Accessibility Testing Approaches
Accessibility software testing doesn’t limit itself to manual or automated testing only. On the contrary, it’s often more effective when the QA strategy combines several methods and approaches—both in terms of technical resources and involvement. Understanding the unique strengths and limitations of each will help you achieve the right test coverage.
Manual Testing
As the name suggests, manual testing services involve manual test execution. QA engineers methodically examine digital products against accessibility criteria. This includes, among other things:
- Keyboard navigation testing to verify that all functionality can be accessed and operated using only a keyboard. QA engineers navigate through the application using Tab, Enter, Escape, and other keys. They check for proper focus indicators, logical tab order, and the absence of keyboard traps.
- Screen reader testing to evaluate how well content is communicated through assistive technology. QA engineers use screen readers to navigate through the application. They assess whether information and functionality are properly conveyed via audio feedback.
- Visual inspection to check for adequate color contrast, text resizing capabilities, and proper visual focus indicators. QA engineers may use browser extensions to simulate various visual conditions or simply adjust display settings.
- Cognitive reviews to assess the clarity of instructions, consistency of navigation, and predictability of interactions. QA engineers evaluate how easily users with cognitive disabilities can understand and use the application.
The strength of manual testing lies in its ability to identify contextual issues and evaluate the actual user experience. That’s something software accessibility testing tools or AI won’t be able to handle in the near future (or ever, let’s be honest).
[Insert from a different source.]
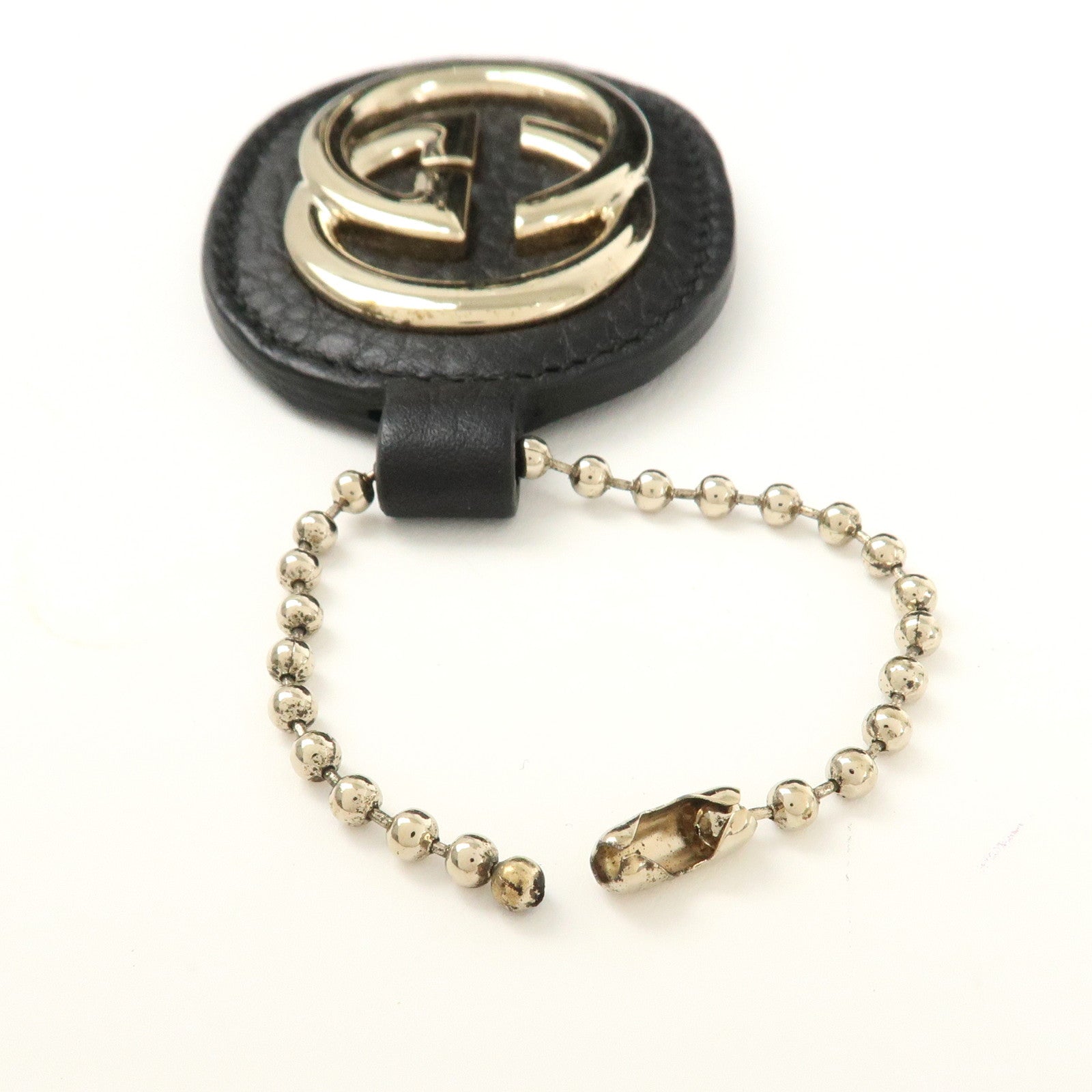 GUCCI Sukey Leather Hand Bag Tote Bag Black 211944 Used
However, manual testing can be time-consuming. The accuracy of the results may vary based on a specialist’s expertise. That’s why we don’t recommend leaving testing for the in-house team with no QA engineers in it.
Automated Testing
Automated accessibility testing for software uses special tools (other software) to scan digital products for compliance with technical accessibility requirements. This approach offers several advantages:
- Scale. Automated tools can quickly scan entire websites or applications, identifying patterns of issues across many pages. Tests can run in parallel for different configurations, covering a variety of devices or scenarios at once.
- Consistency. Tools apply the same rules consistently. In other words, you reduce the probability of human error to the minimum, eliminating variations in human judgment.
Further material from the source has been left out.